I WANNA say I want to laugh or shrug things off. All the grief and anger in the world. Need I be this dramatic? My family are all safe and peaceful. Yet many in this world are hurting so bad. I was a "protected" child and then I heard tempest on the radio in late 1960s and saw poorer kids frolicking in the mud then dining on one tiny can of sardines, a family of five--their tin can shanty of a house pummeled by typhoons months each year. Then their dad got shot because he complained a lot about his job. Made me not finish my dinner. Made me angry why mom and dad were fighting over stuff. Sleepless nights, cold nights even though the moon sweats. Poetry consoled me. I ran to the barrio for refuge. I became a journalist at 14. I never changed wherever I went. My poetry and words and art kept that anger at bay. And let joy gain into me like a dancing bonfire amidst a storm. Yet I still feel for the dead, wasted just like that. Still, it makes me angry.

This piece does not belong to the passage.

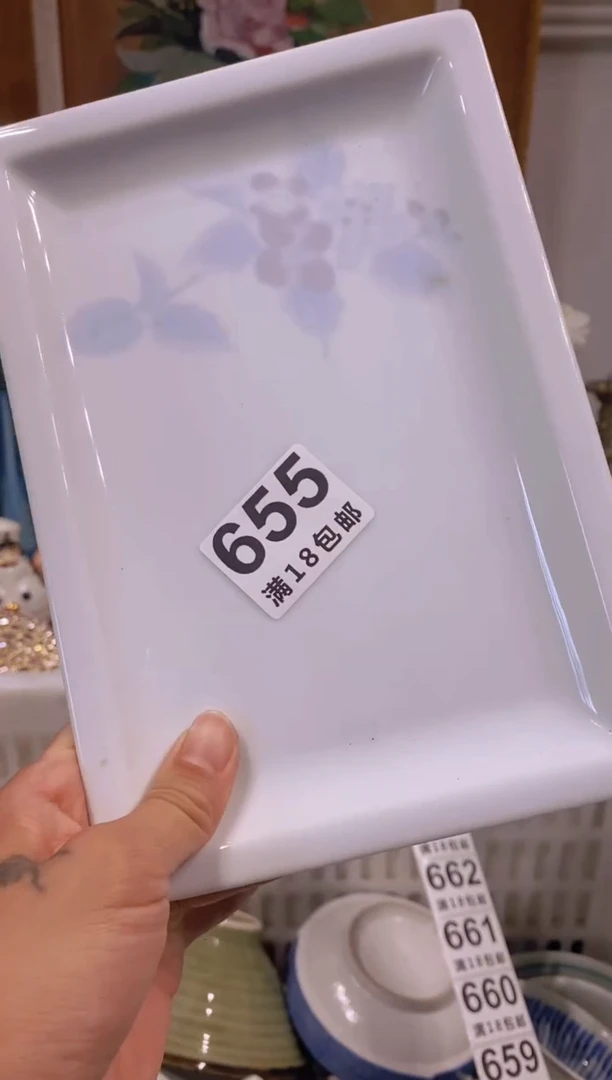 雯中古回流瓷器茶具默认微瑕谨慎参拍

          But anger consumes the remaining light of hope in us. Anger doesn't calm anger down, it fuels it. I just have to write through the night. Let anger go. And then smile in the morning as tall green trees outside the glass window facing my bed greet me with the blessings of life. Life is so precious and beautiful so why do we waste it?
A SUB-SEQUENCE in the finale episode of "Silicon Valley" made me laugh so hard. It was essentially about how Filipinos could easily get interested and laugh at stuff and things, no matter how weird the stimuli are. Yes, Filipinos are a fascinating people. In the 1990s coup d'etats, kids would run after shells spat out by bazookas and submachineguns while armed hostilities ensued, collecting them. During typhoons, people turned flooded areas into impromptu swimming pools, kids surf on them. They could laugh on an instant, cry the next--then they laugh at their own tears afterwards. Should I say, we. I am proud of that kind of fatalistic frolic, a light attitude that simply takes things as they are--and then subverts that dark vibe into a sweep of comedic submission. It's not like we don't mourn the dead or dying, we do. When a neighbor dies, expect a huge convoy of people sending the dead to its resting place, weeping--yet before that, during days of the wake, you'd hear people exchanging jokes, laughing. And eating, of course.
       
No wonder the Philippines is the one of the happiest countries in the world. Months of rains and typhoons, homes shattered, people dead--yet Christmas is celebrated the longest in the world (don't ask me how long) and practically all summer months are fiesta time. Laughter, food, family, friends, community, games. Don't we get angry, don't we fight? Of course, we do. Yet after the fight, just usher a box of cerveza and "pulutan" (finger foods) on the table, then we are all cool. Friends again. Next question, "Do you have a joke?" That ensuing series of jokes will only come into an abrupt halt when Kumander (wife) calls out, "Hey, husband, time to go home and wash the dishes!" Uh huh. So you may ask, how do I survive the loneliness of being oceans away from my family and people? I laugh. I even laugh alone.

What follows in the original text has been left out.